**Work item**
Restate each line below word for word, skipping every picture.

**The data**
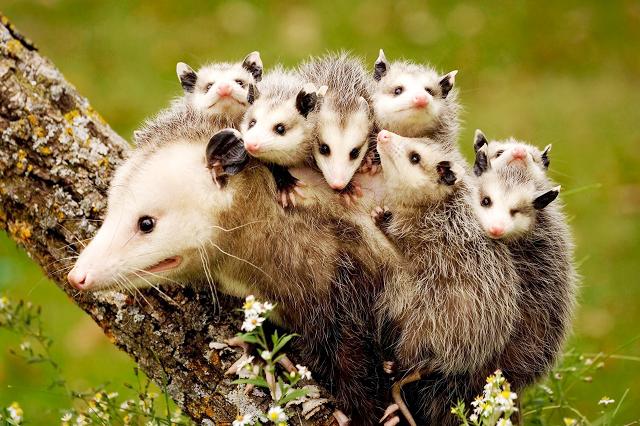 http://www.turtletrack.org/IssueHistory/Issues16/CO09_2016/Art/Opposum/Opossum_2.jpg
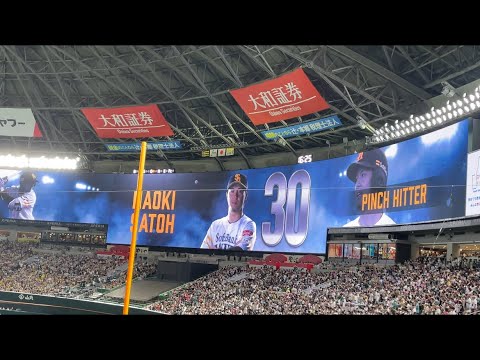 2024.6.16 佐藤直樹 登場曲 (最高到達点／SEKAI NO OWARI)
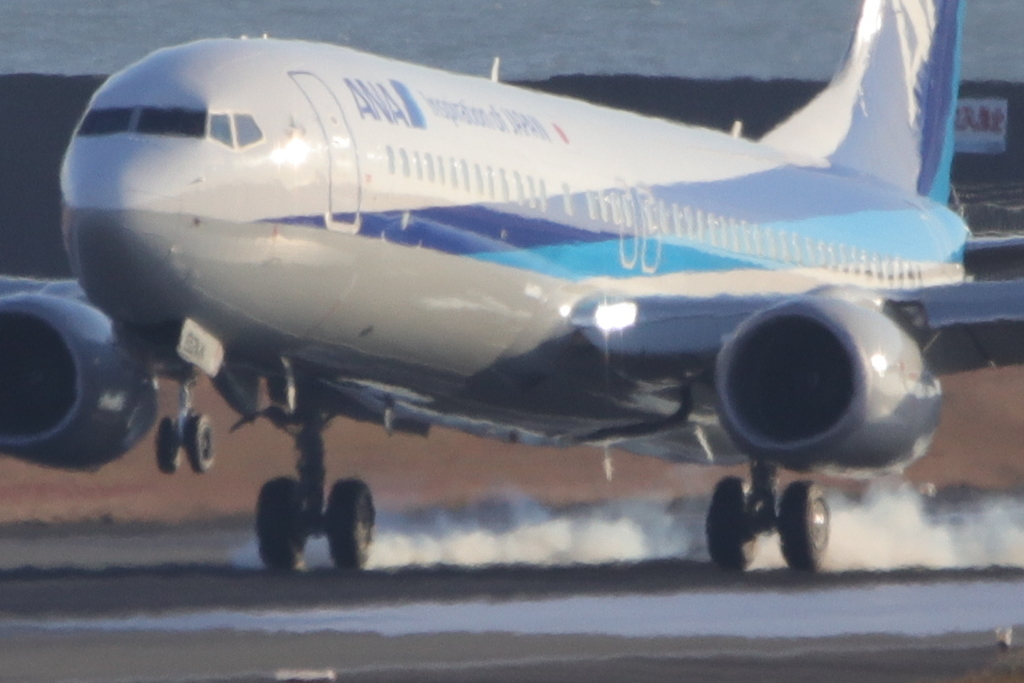 宮崎空港にて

**Answer space**
 http://www.turtletrack.org/IssueHistory/Issues16/CO09_2016/Art/Opposum/Opossum_2.jpg
 2024.6.16 佐藤直樹 登場曲 (最高到達点／SEKAI NO OWARI)
 宮崎空港にて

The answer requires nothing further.